- _YOUR OBJECTIVE_: Below are records; copy exactly the line containing "4 bedroom Finca/Country" and every line after it, through the last.
SUPPLIED MATERIAL START
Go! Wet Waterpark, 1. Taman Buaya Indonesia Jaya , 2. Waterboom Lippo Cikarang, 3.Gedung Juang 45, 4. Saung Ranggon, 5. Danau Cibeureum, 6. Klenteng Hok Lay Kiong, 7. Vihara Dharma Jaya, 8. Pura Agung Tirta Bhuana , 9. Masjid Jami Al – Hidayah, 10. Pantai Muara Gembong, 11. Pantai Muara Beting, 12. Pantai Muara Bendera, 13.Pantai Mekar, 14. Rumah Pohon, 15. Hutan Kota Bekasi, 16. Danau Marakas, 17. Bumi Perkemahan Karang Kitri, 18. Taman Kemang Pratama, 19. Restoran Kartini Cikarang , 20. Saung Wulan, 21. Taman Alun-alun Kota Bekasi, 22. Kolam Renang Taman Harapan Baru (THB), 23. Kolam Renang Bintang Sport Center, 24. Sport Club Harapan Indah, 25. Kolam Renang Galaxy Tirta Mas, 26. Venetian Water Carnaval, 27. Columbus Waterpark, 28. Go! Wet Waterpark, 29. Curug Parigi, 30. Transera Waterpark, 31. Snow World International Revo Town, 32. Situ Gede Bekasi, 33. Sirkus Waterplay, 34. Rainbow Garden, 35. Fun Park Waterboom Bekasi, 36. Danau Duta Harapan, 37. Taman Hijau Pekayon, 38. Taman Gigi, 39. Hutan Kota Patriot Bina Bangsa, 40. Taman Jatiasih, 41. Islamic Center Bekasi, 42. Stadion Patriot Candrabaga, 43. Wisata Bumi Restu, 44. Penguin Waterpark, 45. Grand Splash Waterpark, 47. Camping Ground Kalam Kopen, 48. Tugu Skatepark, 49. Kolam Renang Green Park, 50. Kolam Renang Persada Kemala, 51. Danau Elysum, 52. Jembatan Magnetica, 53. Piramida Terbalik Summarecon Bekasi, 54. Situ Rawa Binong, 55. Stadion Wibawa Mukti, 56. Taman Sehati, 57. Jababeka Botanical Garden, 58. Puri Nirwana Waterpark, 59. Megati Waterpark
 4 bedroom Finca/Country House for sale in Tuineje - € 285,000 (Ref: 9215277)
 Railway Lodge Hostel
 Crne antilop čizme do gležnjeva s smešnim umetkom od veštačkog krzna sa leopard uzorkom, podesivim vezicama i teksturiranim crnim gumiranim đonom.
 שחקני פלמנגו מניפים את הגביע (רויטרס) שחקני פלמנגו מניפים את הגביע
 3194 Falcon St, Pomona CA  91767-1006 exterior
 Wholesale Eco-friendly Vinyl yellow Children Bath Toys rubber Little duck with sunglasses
SUPPLIED MATERIAL END
- _WORKED SOLUTION_:
 4 bedroom Finca/Country House for sale in Tuineje - € 285,000 (Ref: 9215277)
 Railway Lodge Hostel
 Crne antilop čizme do gležnjeva s smešnim umetkom od veštačkog krzna sa leopard uzorkom, podesivim vezicama i teksturiranim crnim gumiranim đonom.
 שחקני פלמנגו מניפים את הגביע (רויטרס) שחקני פלמנגו מניפים את הגביע
 3194 Falcon St, Pomona CA  91767-1006 exterior
 Wholesale Eco-friendly Vinyl yellow Children Bath Toys rubber Little duck with sunglasses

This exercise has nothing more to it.